Just days after her people were sitting on their roofs scared for their lives, Wujal Wujal council CEO Kiley Hanslow is now putting all of her energy into making sure that the community she loves still has a future.

“We need a commitment from our leaders that Wujal Wujal will be looked after,” she said.

“Politicians and governments will have their attention pulled to other things soon enough.

“But we can’t be forgotten.”

Ms Hanslow was speaking to Cape York Weekly from Wujal on Thursday morning, having stayed in the community as evacuations entered their third day.

“I know it’s probably the right thing to do,” she said of moving the townspeople to Cooktown.

“But I’m worried for Wujal and the community.

“We’ve got Christmas coming up and our people are homeless and displaced.

“We should be getting into the clean-up now but we can’t get anyone here to do it.”

There are no services left running in Wujal, except for the Telstra tower.

The only thing working in the community at the moment is the Telstra tower, which actually stood tall during the floods.

It was only the lack of battery life that saw telecommunications cut out. The telco has since flown in to fix a new generator which has a short life due to a smaller-than-usual fuel tank.

“We’ve got no power, no water and no sewerage,” the CEO said.

“But we’d manage if we were given the resources.

“Hopefully they can get a road pushed through soon because I know a lot of people won’t want to be relocated.”

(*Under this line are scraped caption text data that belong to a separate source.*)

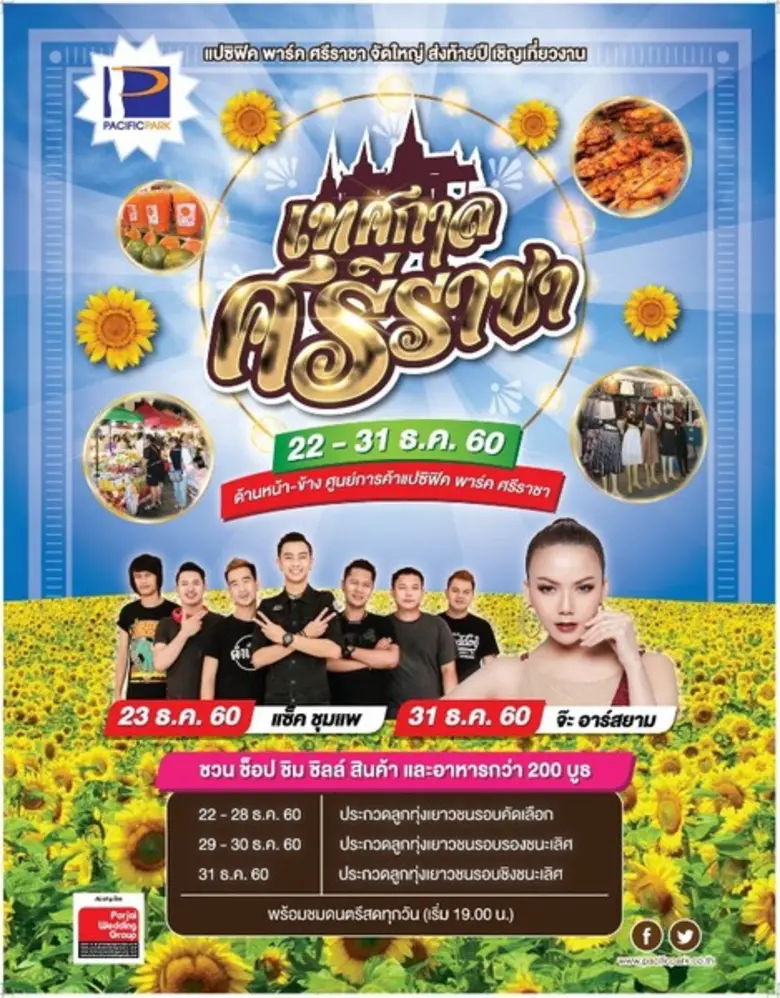 ศูนย์การค้าแปซิฟิค พาร์ค ศรีราชา สืบสานวั...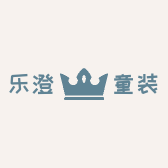 乐澄童装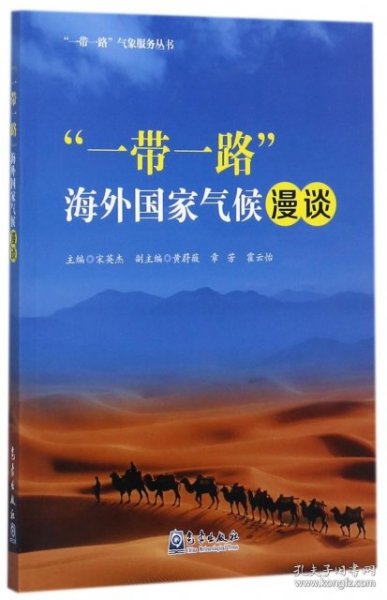 “一带一路”海外国家气候漫谈/“一带一路”气象服务丛书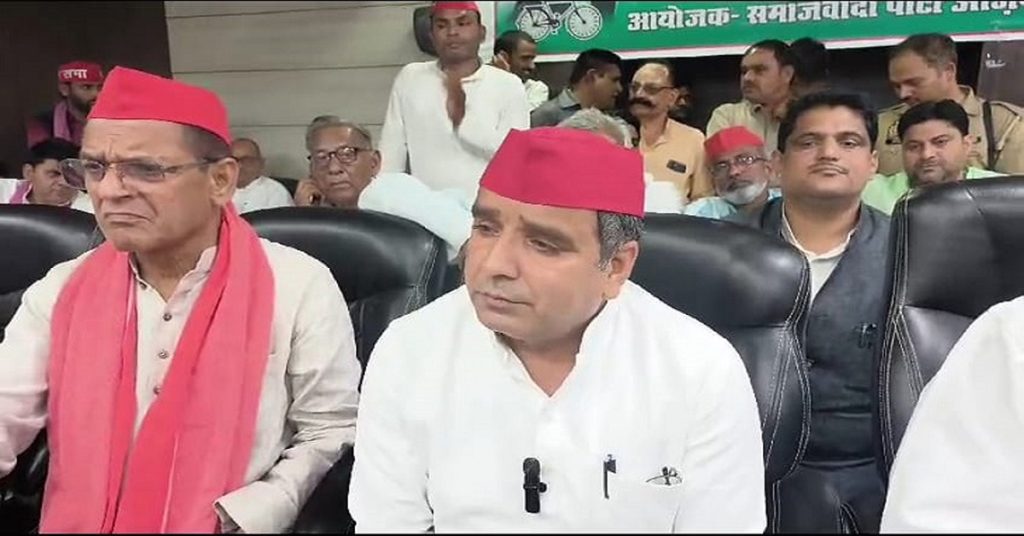 Dharmendra Yadav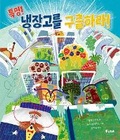 Cover: Fridge-Opolis - Fikajunior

Ms Hanslow has been in contact with almost every government agency and said finding housing for Wujal’s residents was proving a challenge.

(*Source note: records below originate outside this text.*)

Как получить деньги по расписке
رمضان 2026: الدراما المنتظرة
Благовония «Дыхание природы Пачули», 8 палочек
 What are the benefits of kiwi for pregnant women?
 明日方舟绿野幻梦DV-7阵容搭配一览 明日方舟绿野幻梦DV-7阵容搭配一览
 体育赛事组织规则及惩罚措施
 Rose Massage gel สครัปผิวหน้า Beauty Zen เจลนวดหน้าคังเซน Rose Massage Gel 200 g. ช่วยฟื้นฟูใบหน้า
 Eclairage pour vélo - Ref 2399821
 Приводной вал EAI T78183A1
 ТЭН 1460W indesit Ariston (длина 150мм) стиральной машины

Cooktown’s housing situation was already at breaking point before the floods.

“They can’t stay at the PCYC long-term,” Ms Hanslow said.

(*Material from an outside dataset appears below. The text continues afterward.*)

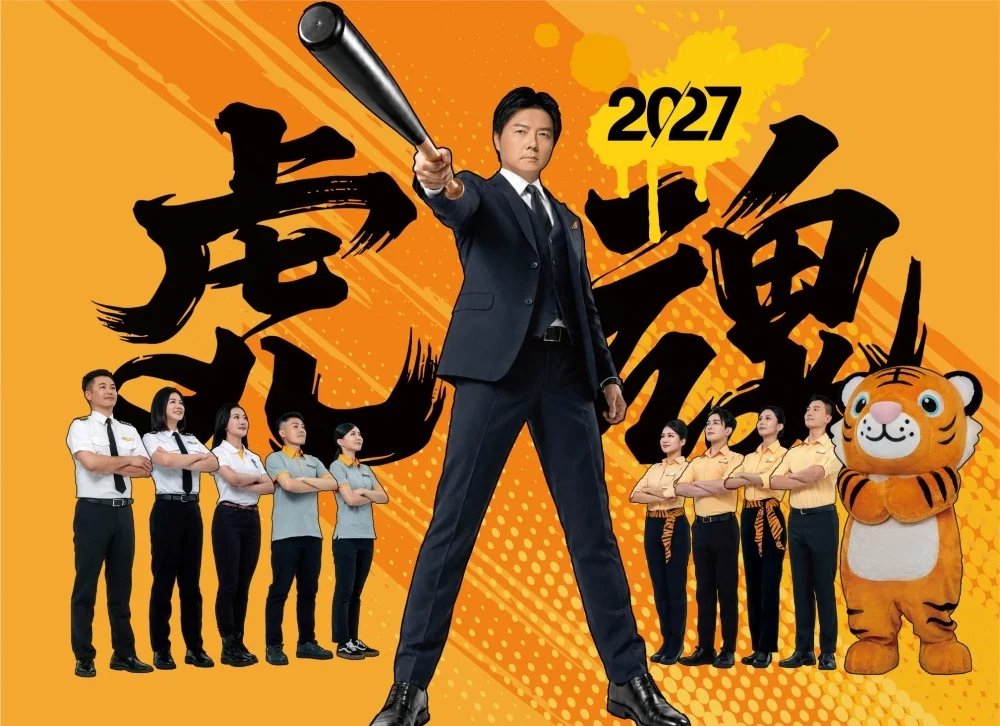 封面主題 封面主題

“I know some people are staying with family but many of them are overcrowded already.

“I’m worried that if people are dispersed all over we’ll lose our community links.

“They are better off being here in community if we can make it work somehow.”

The high water mark is clearly visible at the Wujal Wujal council offices.

Ms Hanslow has only lived in Wujal for 18 months but said she worked in “the best community in the Cape” and was heartbroken by the flooding.

She praised the townsfolk for their selflessness during the emergency.

“I was in the office and I usually work pretty late and all of a sudden there was a knock on the door and I heard ‘you guys have got to come and look at this’,” the CEO said.

“We got in the car and drove down to Cr Robert Bloomfield’s place … water had come up past Aunty Kathleen’s place and was continuing to come up.

“People sprung to action and were getting people to get out and get to higher ground.

“It was ‘get out, get out, move up, move up!’ We have emergency bags in the office so the first thought was to go get them because they have first aid kits in them.

“Our community is really strong and everyone was making sure that everyone else was safe.”

Remarkably, there have been no recorded fatalities at Wujal, with everyone seemingly accounted for.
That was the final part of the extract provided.